Leave the images out. Give every line below again, precisely.

● Given material

····················

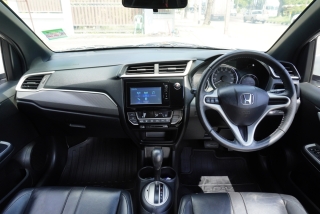 รูปรถยนต์ 11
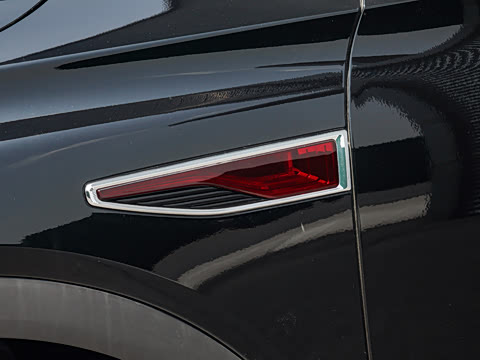 2025�� �Ŀ�  2.0T PHEV ����200��������� 7��
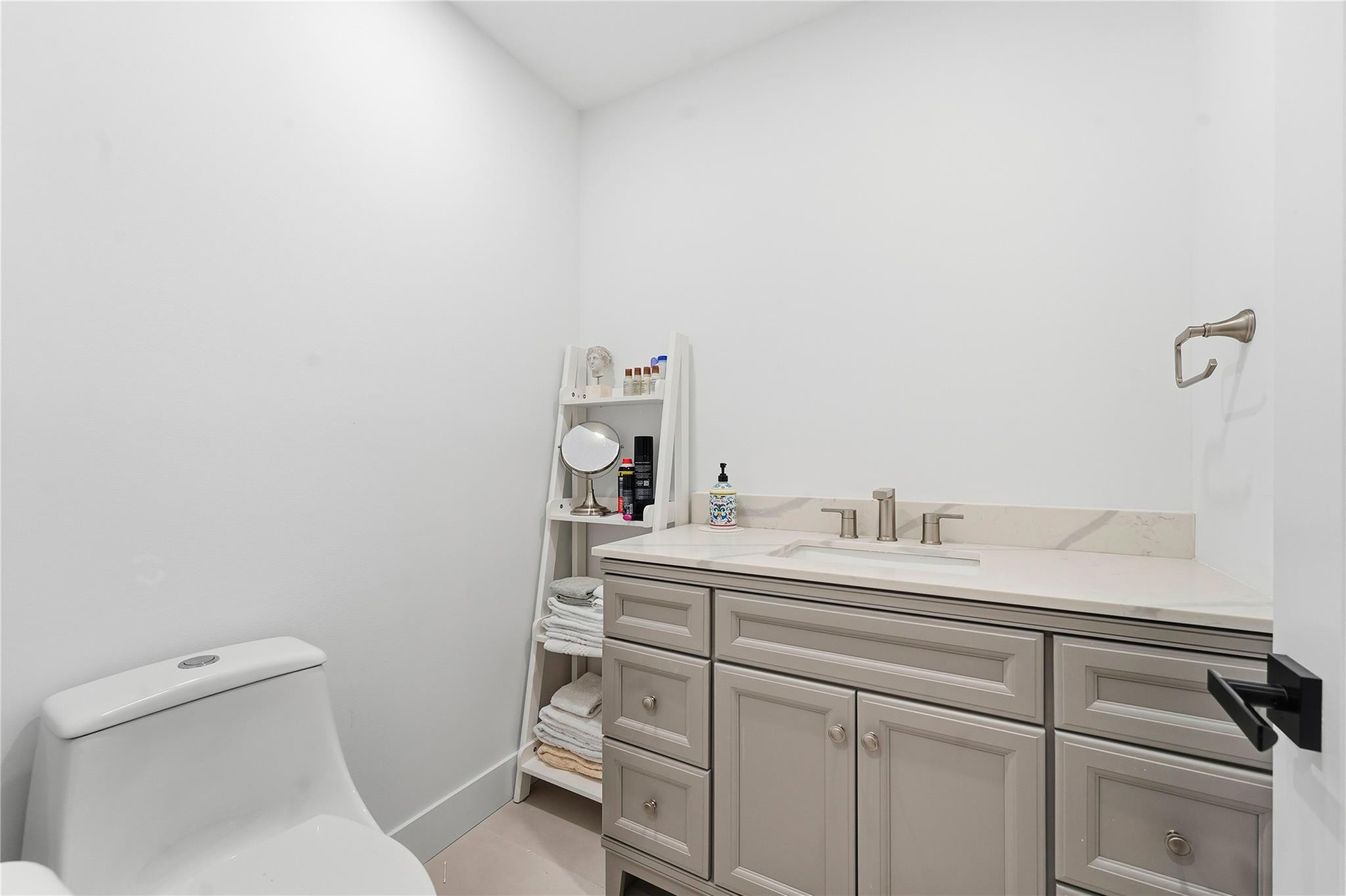 10486 Boca Woods Lane Boca Raton, FL 33428 - Photo 30 of 54 Photo 30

····················

● Output below
 รูปรถยนต์ 11
 2025�� �Ŀ�  2.0T PHEV ����200��������� 7��
 10486 Boca Woods Lane Boca Raton, FL 33428 - Photo 30 of 54 Photo 30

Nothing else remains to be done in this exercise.